During colonial times, and until mid-nineteenth century, the winemaking process was rudimentary; it was done in small amounts and was domestic in nature. The winery was a small area associated to the houses, often an isolated room or sometimes, attached to the house, with thick adobe walls and few openings to make it withstand large thermal amplitudes between day and night. The roofs, with little slope could be shed or gable like, were formed by rafters of chañar or carob, covered with reeds and mud tiles.

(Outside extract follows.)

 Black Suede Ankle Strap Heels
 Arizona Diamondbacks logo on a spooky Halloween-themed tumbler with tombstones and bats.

Under these rudimentary buildings, the winemaking would begin with the crushing of the grapes in the manual presses. Those usually were a structure made with bovine leather and wood. Then an artisanal method would be used: the grapes were mashed ¨a pata¨ with the feet in those cow or ox leather presses. Once the must was ready, it was dropped through the tail of the animal, which worked as a conduct, and while the grapes were being mashed, this hole was blocked with a wood plug. The must and the skins were then collected in leather buckets, called ¨noques¨, fitted with rings through which two wood sticks were put, which would allow the winemakers to transport them to the cellar. Once there, the liquid was poured into large clay vessels, where the fermentation would occur. The vessels were conveniently placed on logs of trees, lying parallel on the dirt floor to allow good ventilation. After the fermentation, the new wine was transferred to the maintenance vessels, this process used to be done simply by gravitation, by removing the wood plug from the fermentation jug. During this manoeuvre, a sieve or strainer made of leather with holes would be used, so that the wine would be separated from the seeds, the skins and other impurities. Once filled the conservation jug with the new wine, it would be sealed with a lid of lime, clay or plaster, to prevent the entry of any foreign body. The wine was then left to rest or age until it was taken away.

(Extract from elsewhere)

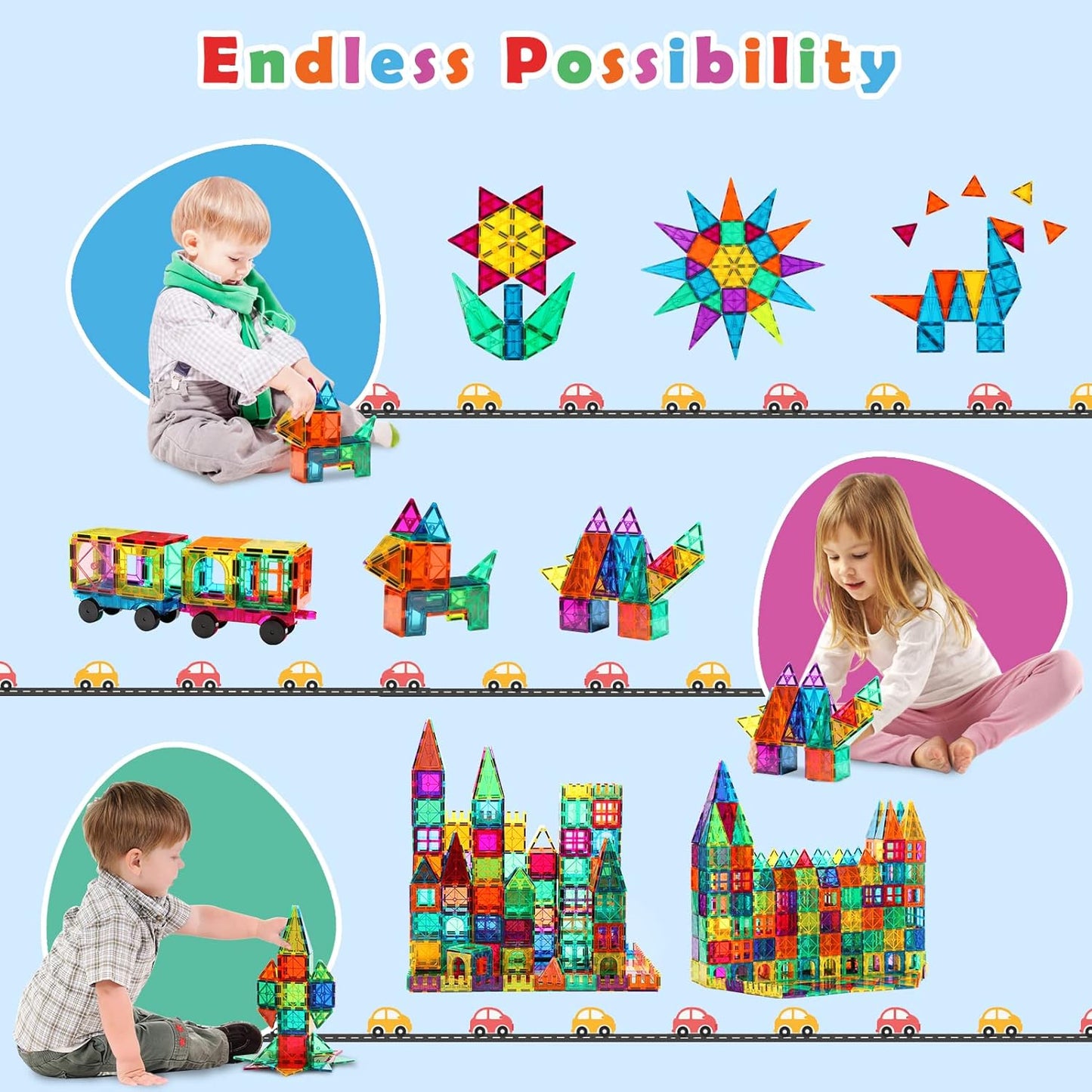 Gemmicc Magnetic Tiles Building Blocks for Kids, STEM Approved Educational Toys,3D Magnet Puzzles Stacking Blocks for Boys Girls,100 PCS Advanced Set with 2 Cars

With these methods the processing and marketing of wine started to be consolidated, which prompted the demand for the expansion of the vineyards. According to the census of 1739, there were 500,000 vine plants in Mendoza – according to the parameters of the twenty-first century – it would be the equivalent to an area of 70 hectares. With that grape production one could produce 400,000 litres of wine in the ten wineries in existence.